--- THE DATA Enclosed Below ---

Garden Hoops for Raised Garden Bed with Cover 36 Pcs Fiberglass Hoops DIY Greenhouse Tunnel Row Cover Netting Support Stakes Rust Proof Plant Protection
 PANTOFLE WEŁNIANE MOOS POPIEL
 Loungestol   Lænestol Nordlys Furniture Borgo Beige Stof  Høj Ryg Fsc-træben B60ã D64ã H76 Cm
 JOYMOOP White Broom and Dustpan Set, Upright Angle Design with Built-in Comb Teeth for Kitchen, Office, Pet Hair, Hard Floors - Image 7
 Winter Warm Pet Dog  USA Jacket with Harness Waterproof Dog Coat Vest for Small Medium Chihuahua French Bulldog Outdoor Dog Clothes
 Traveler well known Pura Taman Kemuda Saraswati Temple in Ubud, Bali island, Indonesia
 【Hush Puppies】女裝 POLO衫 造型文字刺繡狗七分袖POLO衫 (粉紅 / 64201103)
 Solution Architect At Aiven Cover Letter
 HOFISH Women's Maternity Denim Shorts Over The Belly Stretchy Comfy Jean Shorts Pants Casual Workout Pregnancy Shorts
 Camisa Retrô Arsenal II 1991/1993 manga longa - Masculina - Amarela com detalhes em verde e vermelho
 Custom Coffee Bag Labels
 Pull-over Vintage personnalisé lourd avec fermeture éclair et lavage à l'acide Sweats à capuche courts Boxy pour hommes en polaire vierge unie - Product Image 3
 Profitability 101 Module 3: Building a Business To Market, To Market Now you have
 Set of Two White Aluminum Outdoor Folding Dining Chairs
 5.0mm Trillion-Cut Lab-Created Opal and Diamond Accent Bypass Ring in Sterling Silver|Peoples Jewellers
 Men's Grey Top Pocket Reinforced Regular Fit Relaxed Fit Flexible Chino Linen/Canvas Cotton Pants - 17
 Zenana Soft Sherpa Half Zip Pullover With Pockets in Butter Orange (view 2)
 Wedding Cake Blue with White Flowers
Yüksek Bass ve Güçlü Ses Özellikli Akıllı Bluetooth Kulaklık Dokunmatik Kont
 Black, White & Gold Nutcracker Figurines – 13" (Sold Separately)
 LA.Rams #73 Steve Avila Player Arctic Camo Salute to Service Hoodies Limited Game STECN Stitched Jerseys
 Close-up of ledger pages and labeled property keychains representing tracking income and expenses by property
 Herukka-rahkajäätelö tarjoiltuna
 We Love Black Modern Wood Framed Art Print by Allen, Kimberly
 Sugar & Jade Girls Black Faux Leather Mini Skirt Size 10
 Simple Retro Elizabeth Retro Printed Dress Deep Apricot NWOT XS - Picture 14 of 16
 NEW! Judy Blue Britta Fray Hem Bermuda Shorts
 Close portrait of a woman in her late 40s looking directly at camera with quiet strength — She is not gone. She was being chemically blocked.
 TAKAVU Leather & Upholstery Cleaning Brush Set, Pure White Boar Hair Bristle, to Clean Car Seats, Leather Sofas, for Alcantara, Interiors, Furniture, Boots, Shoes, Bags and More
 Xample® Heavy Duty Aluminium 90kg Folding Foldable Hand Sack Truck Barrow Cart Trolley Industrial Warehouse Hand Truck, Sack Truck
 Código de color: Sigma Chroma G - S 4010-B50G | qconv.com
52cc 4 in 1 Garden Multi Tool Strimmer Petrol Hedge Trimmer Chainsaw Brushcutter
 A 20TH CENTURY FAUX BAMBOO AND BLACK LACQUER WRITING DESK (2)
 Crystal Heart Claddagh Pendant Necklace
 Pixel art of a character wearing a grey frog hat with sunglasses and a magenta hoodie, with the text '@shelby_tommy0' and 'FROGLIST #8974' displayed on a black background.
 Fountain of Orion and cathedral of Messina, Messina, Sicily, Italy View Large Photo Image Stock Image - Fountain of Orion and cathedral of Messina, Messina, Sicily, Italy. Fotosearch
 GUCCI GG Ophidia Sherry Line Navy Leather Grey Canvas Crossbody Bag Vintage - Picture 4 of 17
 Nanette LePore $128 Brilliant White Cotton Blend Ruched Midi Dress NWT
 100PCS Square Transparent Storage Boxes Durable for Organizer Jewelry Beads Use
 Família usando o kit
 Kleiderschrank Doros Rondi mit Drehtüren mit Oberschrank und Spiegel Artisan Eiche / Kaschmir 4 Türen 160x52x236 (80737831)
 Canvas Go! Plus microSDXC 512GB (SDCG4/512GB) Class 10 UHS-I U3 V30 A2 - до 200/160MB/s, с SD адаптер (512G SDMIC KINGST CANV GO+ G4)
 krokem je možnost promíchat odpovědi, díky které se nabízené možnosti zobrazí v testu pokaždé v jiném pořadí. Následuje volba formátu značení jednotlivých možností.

--- End of Enclosed THE DATA ---

▸ **EXERCISE REQUIREMENTS**
Say each line again exactly as it appears above.

▸ **SOLUTION FOR THIS TASK**
Garden Hoops for Raised Garden Bed with Cover 36 Pcs Fiberglass Hoops DIY Greenhouse Tunnel Row Cover Netting Support Stakes Rust Proof Plant Protection
 PANTOFLE WEŁNIANE MOOS POPIEL
 Loungestol   Lænestol Nordlys Furniture Borgo Beige Stof  Høj Ryg Fsc-træben B60ã D64ã H76 Cm
 JOYMOOP White Broom and Dustpan Set, Upright Angle Design with Built-in Comb Teeth for Kitchen, Office, Pet Hair, Hard Floors - Image 7
 Winter Warm Pet Dog  USA Jacket with Harness Waterproof Dog Coat Vest for Small Medium Chihuahua French Bulldog Outdoor Dog Clothes
 Traveler well known Pura Taman Kemuda Saraswati Temple in Ubud, Bali island, Indonesia
 【Hush Puppies】女裝 POLO衫 造型文字刺繡狗七分袖POLO衫 (粉紅 / 64201103)
 Solution Architect At Aiven Cover Letter
 HOFISH Women's Maternity Denim Shorts Over The Belly Stretchy Comfy Jean Shorts Pants Casual Workout Pregnancy Shorts
 Camisa Retrô Arsenal II 1991/1993 manga longa - Masculina - Amarela com detalhes em verde e vermelho
 Custom Coffee Bag Labels
 Pull-over Vintage personnalisé lourd avec fermeture éclair et lavage à l'acide Sweats à capuche courts Boxy pour hommes en polaire vierge unie - Product Image 3
 Profitability 101 Module 3: Building a Business To Market, To Market Now you have
 Set of Two White Aluminum Outdoor Folding Dining Chairs
 5.0mm Trillion-Cut Lab-Created Opal and Diamond Accent Bypass Ring in Sterling Silver|Peoples Jewellers
 Men's Grey Top Pocket Reinforced Regular Fit Relaxed Fit Flexible Chino Linen/Canvas Cotton Pants - 17
 Zenana Soft Sherpa Half Zip Pullover With Pockets in Butter Orange (view 2)
 Wedding Cake Blue with White Flowers
Yüksek Bass ve Güçlü Ses Özellikli Akıllı Bluetooth Kulaklık Dokunmatik Kont
 Black, White & Gold Nutcracker Figurines – 13" (Sold Separately)
 LA.Rams #73 Steve Avila Player Arctic Camo Salute to Service Hoodies Limited Game STECN Stitched Jerseys
 Close-up of ledger pages and labeled property keychains representing tracking income and expenses by property
 Herukka-rahkajäätelö tarjoiltuna
 We Love Black Modern Wood Framed Art Print by Allen, Kimberly
 Sugar & Jade Girls Black Faux Leather Mini Skirt Size 10
 Simple Retro Elizabeth Retro Printed Dress Deep Apricot NWOT XS - Picture 14 of 16
 NEW! Judy Blue Britta Fray Hem Bermuda Shorts
 Close portrait of a woman in her late 40s looking directly at camera with quiet strength — She is not gone. She was being chemically blocked.
 TAKAVU Leather & Upholstery Cleaning Brush Set, Pure White Boar Hair Bristle, to Clean Car Seats, Leather Sofas, for Alcantara, Interiors, Furniture, Boots, Shoes, Bags and More
 Xample® Heavy Duty Aluminium 90kg Folding Foldable Hand Sack Truck Barrow Cart Trolley Industrial Warehouse Hand Truck, Sack Truck
 Código de color: Sigma Chroma G - S 4010-B50G | qconv.com
52cc 4 in 1 Garden Multi Tool Strimmer Petrol Hedge Trimmer Chainsaw Brushcutter
 A 20TH CENTURY FAUX BAMBOO AND BLACK LACQUER WRITING DESK (2)
 Crystal Heart Claddagh Pendant Necklace
 Pixel art of a character wearing a grey frog hat with sunglasses and a magenta hoodie, with the text '@shelby_tommy0' and 'FROGLIST #8974' displayed on a black background.
 Fountain of Orion and cathedral of Messina, Messina, Sicily, Italy View Large Photo Image Stock Image - Fountain of Orion and cathedral of Messina, Messina, Sicily, Italy. Fotosearch
 GUCCI GG Ophidia Sherry Line Navy Leather Grey Canvas Crossbody Bag Vintage - Picture 4 of 17
 Nanette LePore $128 Brilliant White Cotton Blend Ruched Midi Dress NWT
 100PCS Square Transparent Storage Boxes Durable for Organizer Jewelry Beads Use
 Família usando o kit
 Kleiderschrank Doros Rondi mit Drehtüren mit Oberschrank und Spiegel Artisan Eiche / Kaschmir 4 Türen 160x52x236 (80737831)
 Canvas Go! Plus microSDXC 512GB (SDCG4/512GB) Class 10 UHS-I U3 V30 A2 - до 200/160MB/s, с SD адаптер (512G SDMIC KINGST CANV GO+ G4)
 krokem je možnost promíchat odpovědi, díky které se nabízené možnosti zobrazí v testu pokaždé v jiném pořadí. Následuje volba formátu značení jednotlivých možností.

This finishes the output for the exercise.